Ukraine’s Justice Ministry Dismisses Role in Donbas Prisoners Release

Exclusive Interview with Serhiy Petukhov – Ukraine's Deputy Justice Minister for European Integration

Several thousand prisoners in eastern Ukraine who began serving their sentences before April 2014 now find themselves trapped in jails controlled by combined Russian military and separatist forces. Many have already served their full term behind bars.

✅  Researchers cited in a recent Russian-language human rights report documented cases of prisoners working more than 12 hours a day and being threatened with beatings, torture, and even death.

✅  Serhiy Petukhov: Ukraine’s Justice Ministry has no role securing the release of the prisoners ‘they were illegally detained by illegal authorities’. Instead, all cooperation is done through Ukraine’s ombudsperson.

✅  Serhiy Petukhov: ‘The primary responsibility of protecting human rights lies within the occupying power. The European Court of Human Rights already recognizes Russia is already responsible for Transnistria but virtue of its overall control. Our situation (in Ukraine) is similar to Transnistria

Ukraine's Ministry of Justice will have no role in securing the release of prisoners in occupied Donbas because they have been 'illegally detained by illegal authorities'. That's according to Serhiy Petukhov, Ukraine's Deputy Justice Minister on European Integration.

Mr. Petukhov said it is the responsibility of international organizations to secure the transferral or release of hundreds of prisoners serving time in areas not under Ukrainian government or military control.
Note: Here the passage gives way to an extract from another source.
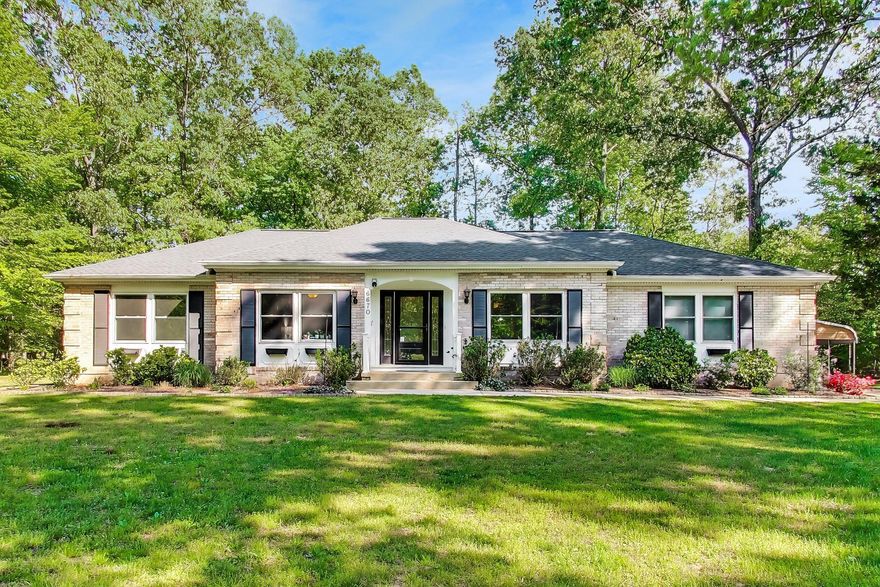 Updated all-brick rambler on nearly 1 acre! This 3BR, 2BA home offers an open layout with a spacious living/dining area featuring a brick wood-burning/gas fireplace. Kitchen includes 42” cabinets, stainless steel appliances, smooth-top range, convection oven, under-cabinet lighting, dual sink & breakfast bar, and open to the main living space. Bright sunroom overlooks a private, partially wooded rear yard. Flexible room with chair railing, currently used as a 4th bedroom (ideal for an office/den or formal dining room). Primary suite includes a walk-in closet & an updated ensuite bath. Both bathrooms have been recently renovated.  Laundry/mudroom off kitchen leads to side-load 2-car garage and access to rear yard. Exterior features new vinyl fencing w/ 3 gates, patio, large shed & additional 2+ car carport. Home sits well off the street for added privacy. Upgrades include hardwood floors, ceramic tile, ceiling fans throughout, a new 25-year roof & Andersen Low-E sunroom windows (transferable warranties), double-hung windows & gutter guards. Heat pump w/ oil backup. Convenient to schools, shopping & parks—peaceful setting!
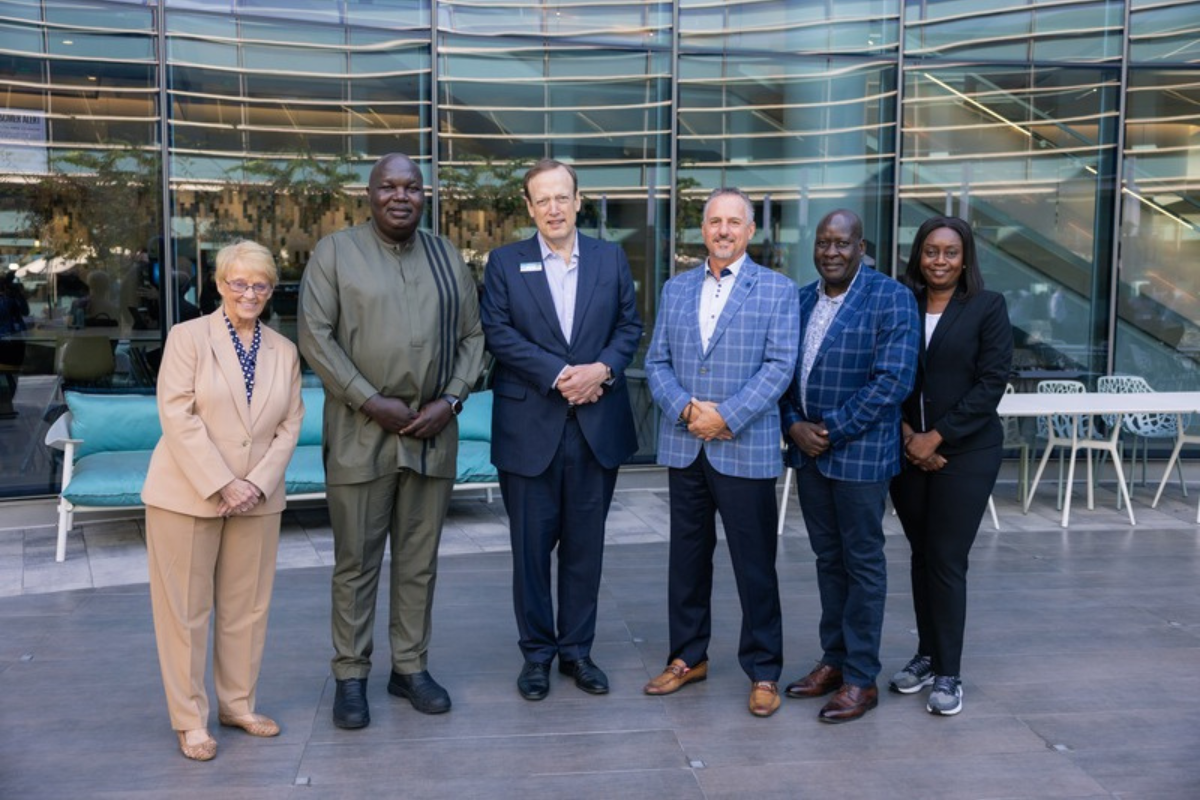 photo of L-R: Lois Kitsch, Chair of African Cooperative Development Foundation; George Ambado, Executive Director of ACCOSCA; Bill Cheney, CEO, SchoolsFirst FCU; Brett Martinez, CEO, Redwood CU; David Sohelo Mategwa, Chairperson of Kenya National Police DT SACCO; Grace Watsiera, Executive Director of African Cooperative Development Foundation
Dozens of prisons and detention centers in both Luhansk and Donetsk region are under the control of the Moscow-backed separatist forces.

More than 5,000 prisoners in the occupied Luhansk region are physically forced to carry out unpaid, often back-breaking manual labor, according to a recent Russian-language human rights report.

Activists estimate over 1,000 prisoners serving time for non-violent crimes in the region were supposed to be released under an amnesty issued by Ukraine's President Petro Poroshenko in 2014.

Unfortunately, the activists will have little, if no help from the Ukrainian government to secure the release of hundreds of those prisoners. Instead, the Deputy Justice Minister for European Integration says this task is down to 'the international community and Russia, as a party, which is directly involved'.

"The legal standards imply that the state has to do what is within its power to make sure that human rights are not violated. But the primary responsibility to protect human rights lies within the occupying power. And the European Court of Human Rights already recognized that Russia is responsible for what happens in Transnistria. And our situation is similar to that of Transnistria. "Serhiy Petukhov said during an interview with Hromadske International.

Alexander Efreshin is one prisoner who contacted the BBC in an attempt to generate awareness of the conditions inside one detention center in Donbas. His sister Irina told Hromadske that this was a desperate attempt, made by an even more desperate man.

Watch our full interview with Irina Efreshina here:

"He told me that he will not be able to last in these conditions for three more years."

Irina says the Ukrainian government is ignoring many of the prisoners' relatives, adding some feel seeking help from the state has become more difficult since the penitentiary service was dismantled this year as part of the reform process. She says her appeals to the Justice Ministry have brought no results. And that's not likely to change anytime soon.